WHAT TO DO: When you output the entries, begin with the first line and end with the line containing "Bois d'ingénierie Ensemble", keeping each line exactly as it is.

** DATASET follows **

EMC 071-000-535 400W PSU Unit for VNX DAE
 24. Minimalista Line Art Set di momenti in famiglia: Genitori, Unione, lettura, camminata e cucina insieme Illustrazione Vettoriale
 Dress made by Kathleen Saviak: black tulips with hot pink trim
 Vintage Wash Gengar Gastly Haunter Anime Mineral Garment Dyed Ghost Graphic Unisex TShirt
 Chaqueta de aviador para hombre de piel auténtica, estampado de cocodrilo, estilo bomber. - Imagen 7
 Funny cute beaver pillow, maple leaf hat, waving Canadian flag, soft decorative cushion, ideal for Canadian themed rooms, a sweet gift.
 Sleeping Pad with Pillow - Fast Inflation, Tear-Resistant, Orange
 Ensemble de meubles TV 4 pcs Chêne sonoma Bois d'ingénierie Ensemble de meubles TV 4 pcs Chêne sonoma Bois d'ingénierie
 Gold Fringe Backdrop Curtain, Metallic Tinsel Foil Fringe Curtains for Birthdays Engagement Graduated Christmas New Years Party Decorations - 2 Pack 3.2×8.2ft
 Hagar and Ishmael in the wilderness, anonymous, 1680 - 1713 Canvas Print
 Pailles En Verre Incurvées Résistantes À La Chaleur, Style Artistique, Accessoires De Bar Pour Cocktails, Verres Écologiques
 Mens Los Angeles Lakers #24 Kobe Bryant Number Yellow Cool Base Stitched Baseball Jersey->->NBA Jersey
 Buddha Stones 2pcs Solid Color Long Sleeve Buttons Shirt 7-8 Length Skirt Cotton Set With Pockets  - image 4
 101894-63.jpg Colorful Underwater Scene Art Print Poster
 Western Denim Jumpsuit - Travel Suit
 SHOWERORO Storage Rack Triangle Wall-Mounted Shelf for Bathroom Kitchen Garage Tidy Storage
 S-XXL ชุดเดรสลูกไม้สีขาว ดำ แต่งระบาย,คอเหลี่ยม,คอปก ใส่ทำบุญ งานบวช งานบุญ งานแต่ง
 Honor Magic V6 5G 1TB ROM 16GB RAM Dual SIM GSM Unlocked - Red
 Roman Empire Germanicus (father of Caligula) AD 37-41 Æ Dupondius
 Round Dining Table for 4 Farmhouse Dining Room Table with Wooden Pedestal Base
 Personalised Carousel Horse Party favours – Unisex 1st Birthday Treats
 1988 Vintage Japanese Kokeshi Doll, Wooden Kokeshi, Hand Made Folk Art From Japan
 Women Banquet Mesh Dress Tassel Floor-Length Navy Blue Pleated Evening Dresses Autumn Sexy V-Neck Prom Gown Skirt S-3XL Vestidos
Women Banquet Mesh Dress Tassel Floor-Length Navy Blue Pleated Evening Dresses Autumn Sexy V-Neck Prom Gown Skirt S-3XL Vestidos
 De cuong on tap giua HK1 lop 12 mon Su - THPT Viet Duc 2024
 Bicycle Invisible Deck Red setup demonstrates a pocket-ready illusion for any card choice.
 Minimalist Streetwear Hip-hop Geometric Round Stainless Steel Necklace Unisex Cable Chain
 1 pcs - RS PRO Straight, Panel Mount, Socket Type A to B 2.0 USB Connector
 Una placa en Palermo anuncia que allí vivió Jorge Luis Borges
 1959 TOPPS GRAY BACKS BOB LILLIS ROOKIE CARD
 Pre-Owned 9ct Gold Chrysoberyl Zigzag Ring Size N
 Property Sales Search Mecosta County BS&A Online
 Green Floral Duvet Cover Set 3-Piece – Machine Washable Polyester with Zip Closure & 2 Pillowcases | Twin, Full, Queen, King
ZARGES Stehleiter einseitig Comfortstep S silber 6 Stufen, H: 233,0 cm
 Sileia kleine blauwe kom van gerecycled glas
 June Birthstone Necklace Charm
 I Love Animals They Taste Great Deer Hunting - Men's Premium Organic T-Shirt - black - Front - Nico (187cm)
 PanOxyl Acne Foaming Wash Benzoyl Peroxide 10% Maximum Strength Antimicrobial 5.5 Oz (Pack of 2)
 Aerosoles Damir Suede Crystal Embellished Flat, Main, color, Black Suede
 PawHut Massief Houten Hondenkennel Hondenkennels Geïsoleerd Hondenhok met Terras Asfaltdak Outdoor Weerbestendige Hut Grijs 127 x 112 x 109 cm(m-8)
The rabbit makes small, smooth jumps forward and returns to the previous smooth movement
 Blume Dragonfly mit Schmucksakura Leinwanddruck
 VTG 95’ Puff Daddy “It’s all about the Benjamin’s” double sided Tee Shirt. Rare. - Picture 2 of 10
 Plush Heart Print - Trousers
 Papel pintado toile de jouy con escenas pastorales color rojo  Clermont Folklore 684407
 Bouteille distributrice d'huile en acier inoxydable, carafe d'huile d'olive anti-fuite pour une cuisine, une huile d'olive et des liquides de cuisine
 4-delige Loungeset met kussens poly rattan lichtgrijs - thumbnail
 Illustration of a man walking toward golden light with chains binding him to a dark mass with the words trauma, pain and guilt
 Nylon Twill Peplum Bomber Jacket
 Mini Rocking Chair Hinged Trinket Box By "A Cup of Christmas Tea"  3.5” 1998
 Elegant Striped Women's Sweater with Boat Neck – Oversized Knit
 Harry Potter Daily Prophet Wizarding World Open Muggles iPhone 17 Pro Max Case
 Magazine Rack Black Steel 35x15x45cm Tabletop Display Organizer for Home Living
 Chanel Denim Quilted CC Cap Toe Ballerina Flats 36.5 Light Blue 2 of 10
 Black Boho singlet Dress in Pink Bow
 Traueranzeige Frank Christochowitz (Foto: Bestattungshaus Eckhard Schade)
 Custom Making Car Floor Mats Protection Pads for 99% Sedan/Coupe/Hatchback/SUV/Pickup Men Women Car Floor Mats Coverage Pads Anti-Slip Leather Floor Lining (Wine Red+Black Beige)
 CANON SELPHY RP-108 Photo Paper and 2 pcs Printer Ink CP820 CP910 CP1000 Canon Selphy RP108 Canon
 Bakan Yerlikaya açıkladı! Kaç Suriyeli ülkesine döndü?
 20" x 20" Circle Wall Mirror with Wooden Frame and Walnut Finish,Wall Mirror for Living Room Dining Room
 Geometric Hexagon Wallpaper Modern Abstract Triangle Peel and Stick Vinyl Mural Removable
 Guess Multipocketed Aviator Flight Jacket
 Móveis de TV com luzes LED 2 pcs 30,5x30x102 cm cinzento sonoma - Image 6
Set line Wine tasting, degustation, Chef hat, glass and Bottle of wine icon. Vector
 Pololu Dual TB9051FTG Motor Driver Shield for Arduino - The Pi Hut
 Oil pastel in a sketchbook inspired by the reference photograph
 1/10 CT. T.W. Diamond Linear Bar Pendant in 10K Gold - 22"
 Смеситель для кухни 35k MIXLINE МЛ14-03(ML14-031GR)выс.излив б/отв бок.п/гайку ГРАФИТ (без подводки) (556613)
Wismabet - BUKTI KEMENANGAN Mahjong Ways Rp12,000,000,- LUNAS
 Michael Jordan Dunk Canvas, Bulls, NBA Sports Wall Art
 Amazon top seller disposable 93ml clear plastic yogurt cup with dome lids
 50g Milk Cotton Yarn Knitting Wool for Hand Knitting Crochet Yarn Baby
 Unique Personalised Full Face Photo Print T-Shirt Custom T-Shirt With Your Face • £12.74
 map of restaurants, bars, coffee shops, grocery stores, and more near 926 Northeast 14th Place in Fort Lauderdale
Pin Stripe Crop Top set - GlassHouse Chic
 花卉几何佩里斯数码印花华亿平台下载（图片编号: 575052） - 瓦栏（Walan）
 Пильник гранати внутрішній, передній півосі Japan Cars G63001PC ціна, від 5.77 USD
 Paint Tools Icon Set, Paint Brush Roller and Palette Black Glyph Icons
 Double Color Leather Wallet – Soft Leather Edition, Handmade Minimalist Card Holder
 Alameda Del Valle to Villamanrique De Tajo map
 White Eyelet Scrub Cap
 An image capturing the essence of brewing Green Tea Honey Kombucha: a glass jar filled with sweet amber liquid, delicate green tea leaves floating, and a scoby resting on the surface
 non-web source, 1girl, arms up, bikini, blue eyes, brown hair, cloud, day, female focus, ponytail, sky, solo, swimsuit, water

** End of DATASET **

EXERCISE RESULT:
EMC 071-000-535 400W PSU Unit for VNX DAE
 24. Minimalista Line Art Set di momenti in famiglia: Genitori, Unione, lettura, camminata e cucina insieme Illustrazione Vettoriale
 Dress made by Kathleen Saviak: black tulips with hot pink trim
 Vintage Wash Gengar Gastly Haunter Anime Mineral Garment Dyed Ghost Graphic Unisex TShirt
 Chaqueta de aviador para hombre de piel auténtica, estampado de cocodrilo, estilo bomber. - Imagen 7
 Funny cute beaver pillow, maple leaf hat, waving Canadian flag, soft decorative cushion, ideal for Canadian themed rooms, a sweet gift.
 Sleeping Pad with Pillow - Fast Inflation, Tear-Resistant, Orange
 Ensemble de meubles TV 4 pcs Chêne sonoma Bois d'ingénierie Ensemble de meubles TV 4 pcs Chêne sonoma Bois d'ingénierie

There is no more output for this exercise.